Kate van der Drift reviewed - July 2018
Water Slows as it Rounds The Bend
Kate van der Drift
2 Kent Street, Newmarket, Auckland
12 June - 1 July 2018
Reviewed by Nina Seja
Landscapes are multilayered entities. At the base, there is the mud, the tussocks, the winding river. There are the seasons that inflect new tones and patterns: bird and insect life changes, the sun rises and falls as the months progress. Then there is a human layer: how we interact with and alter the landscape, whether there is a symbiotic relationship, and the seasonal rituals we have in a particular environment. And still another layer: the policies, laws, and governance that shape not just our connection to landscape, but also our relationship to each other, as mediated through the environment. Such intersections appear (many implicitly) in Kate van der Drift’s photographic suite Water Slows as it Rounds the Bend, a core show of the 2018 Auckland Festival of Photography at Sanderson Contemporary.

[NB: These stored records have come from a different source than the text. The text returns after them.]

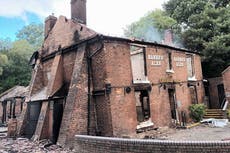 Excavator used to raze Crooked House pub ‘was hired before the fire’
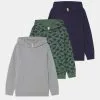 Friboo Hoodie 3 Pack - Sweater - Blue/Olive/Light Grey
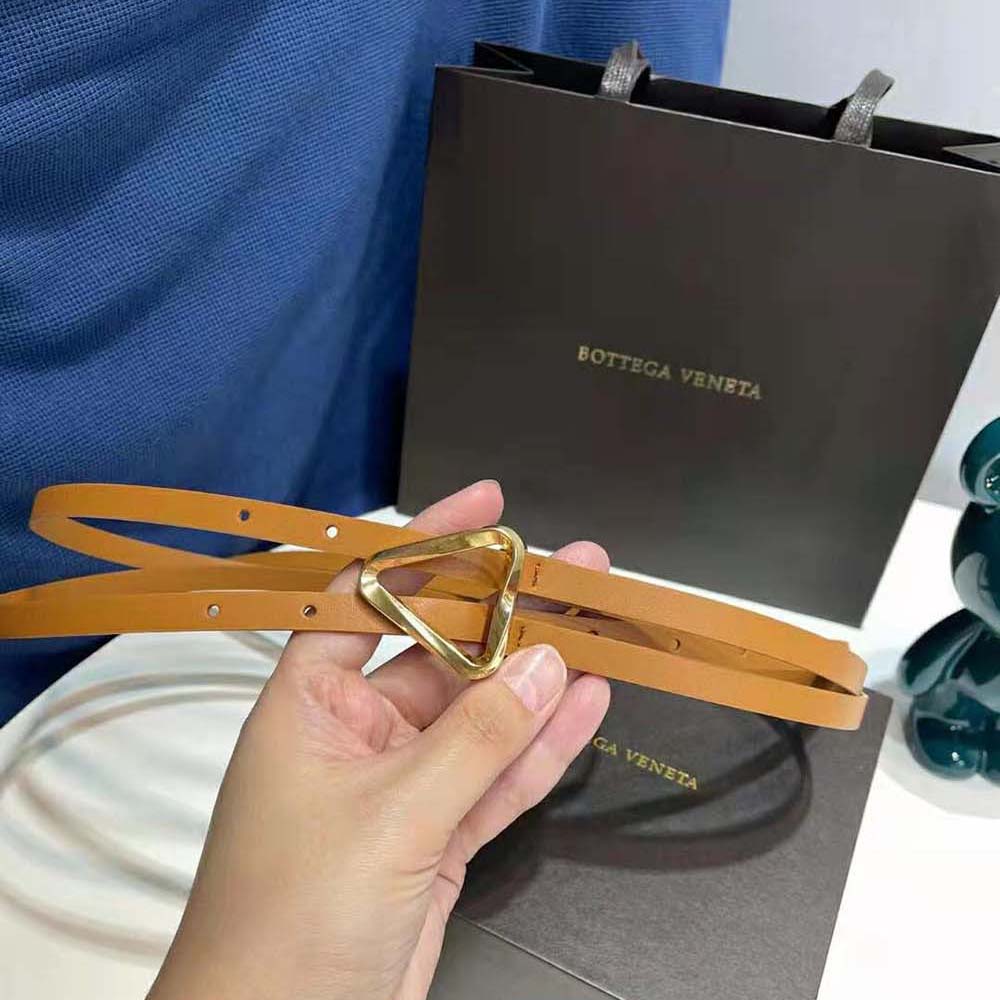 Bottega Veneta Women Grasp Belt Leather Double Strap-Brown - image 4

It is difficult to see a landscape, in this, our age of worrying climate change, without these many layers. van der Drift’s work from Water Slows as it Rounds the Bend navigates through the ecological and the human. The stillness offered by the images evokes a space where the viewer can sink into the visceral qualities of the Hauraki Plains, a key protagonist in the photographs. Simultaneously, the show is a reminder of the fragility of New Zealand’s environs: while the country’s urban interior garners continuous, increasing global attention, it is critical to remember the ecology immediately around us.

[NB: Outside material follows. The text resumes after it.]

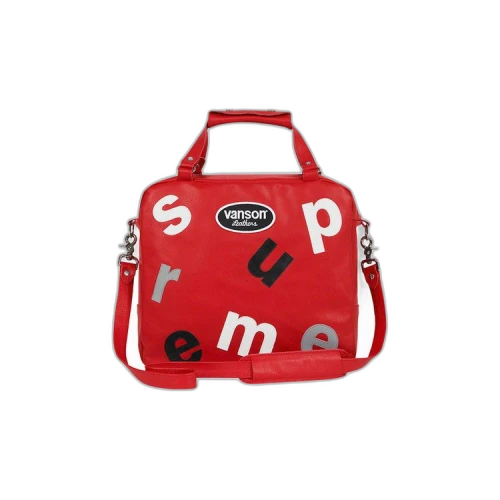 Supreme x Vanson Leathers Letters Bag 'Red'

They’re not the spectacular, vaunted South Island landscapes that New Zealand is known for in the tourism media. Instead, van der Drift’s photographs are placid and impressionistic. They’re the images that call up damp autumn Sunday walks under a moody sky. Nature moves at its own pace; it is the antithesis of human time. The photographs capture a slow unfolding. A plump possum leaps between tree stumps and a dog peeks up with canine curiosity. A flock of birds dot the sky in the journey across an early morning or dusk sky. Reeds in the largest pond in the wetland, reflected in sharp detail. As van der Drift writes, “land and water surfaces can become one another.”[i] Colors are muted and dusky in some photographs. In others, the palette is greens and rusty browns. There is something in the photographer’s work that is an antidote to modern life and its relentless speed and noise. Some art sparks; other decompresses. Canal, From the River East shows a thicket of draping vines and branches. As in Four Birds, the power of the images also comes from the sensory details that are invoked. I can almost hear the stir of a breeze and the birds calling out to each other above the chilled river.

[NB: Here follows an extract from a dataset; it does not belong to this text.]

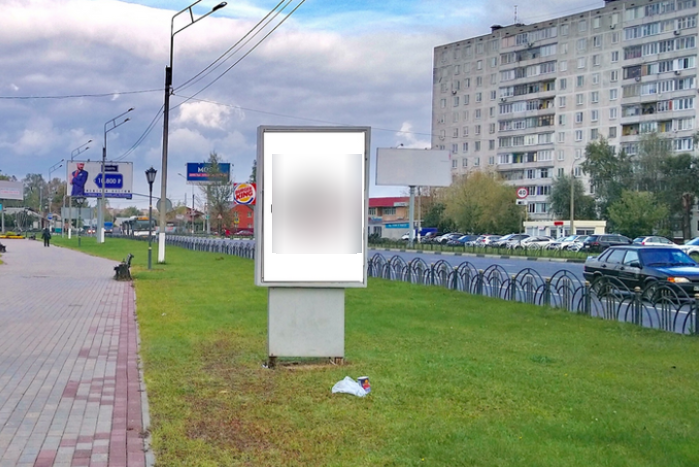 Фотография рекламного носителя, тип: Ситиформат 1.8x1.2, адрес: Декабристов ул., д.7, Ногинск, Московская область, Россия. Сторона B №720026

While the beauty of van der Drift’s landscapes is undeniable, her critical lens encompasses colonization and industrialization, and the ways such practices and processes transform an environment. The photographer writes, “Drainage schemes in Aotearoa New Zealand are responsible for the loss of 85 percent of its wetlands, making it one of the most dramatic cases of draining known anywhere in the world.”[ii] This is prevalent in the Hauraki area, which is the focus of Water Slows as it Rounds the Bend. As such, the show is also a reminder of the destructive consequences of humans reshaping nature. Floodwaters are controlled by systems including drains, canals, and pump-houses, as we see in Pump-house, Southwest. Young Kahikatea, Northern Large Pond is another example of the legacy of human presence. In the half-light, the kahikatea reach for the sky. Upside down, the reflection emphasizes tree height. Being center of the image, it appears as if a sentinel, protecting the surrounding area. Kahikatea were once populous in New Zealand, though became decimated through logging and land clearance, particularly for agriculture. They are known to intertwine their roots with neighboring kahikatea trees. In so doing, they gain strength from each other, especially in swamps where the ground is unstable.
Water Slows as it Rounds the Bend has accomplished a challenging task: it is at once restorative as it is a warning and judgment. The latter is not, however, didactic nor catastrophic. It depends on picturing the languid unfolding of nature doing what it does best, without us.
Nina Seja is a writer, academic, and curator. She received her PhD from New York University and wrote the landmark book PhotoForum at 40: Counterculture, Clusters, and Debate in New Zealand (Rim Books, 2014).